# EXERCISE REQUIREMENTS:
Give every line of the material back exactly, images removed.

# EXERCISE DATA:
- - -

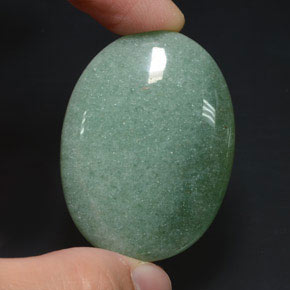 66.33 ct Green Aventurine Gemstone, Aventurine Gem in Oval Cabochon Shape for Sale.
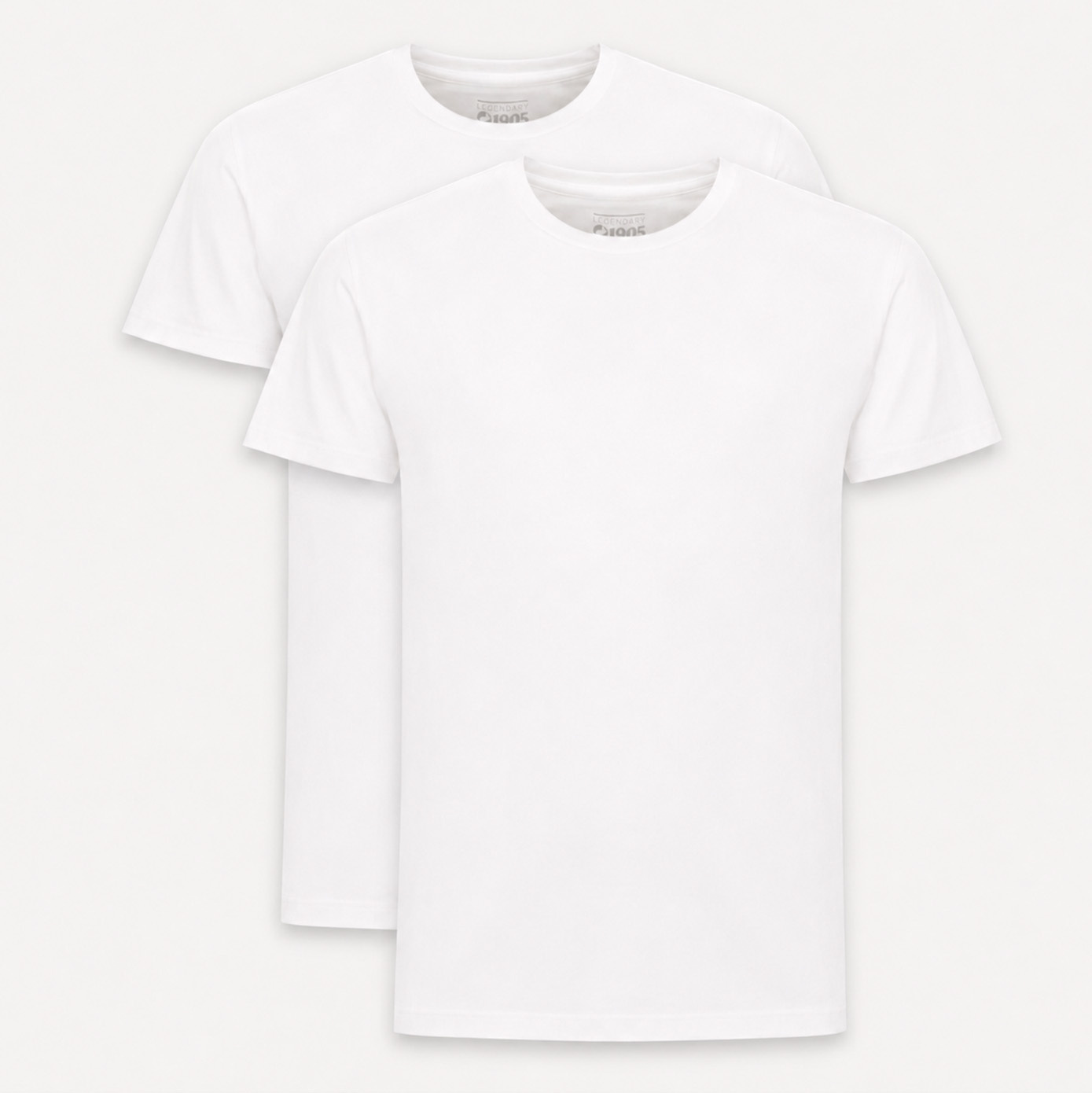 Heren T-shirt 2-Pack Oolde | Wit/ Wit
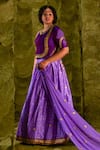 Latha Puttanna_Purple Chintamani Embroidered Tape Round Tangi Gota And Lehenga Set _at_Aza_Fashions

- - -

# WORKED SOLUTION:
 66.33 ct Green Aventurine Gemstone, Aventurine Gem in Oval Cabochon Shape for Sale.
 Heren T-shirt 2-Pack Oolde | Wit/ Wit
 Latha Puttanna_Purple Chintamani Embroidered Tape Round Tangi Gota And Lehenga Set _at_Aza_Fashions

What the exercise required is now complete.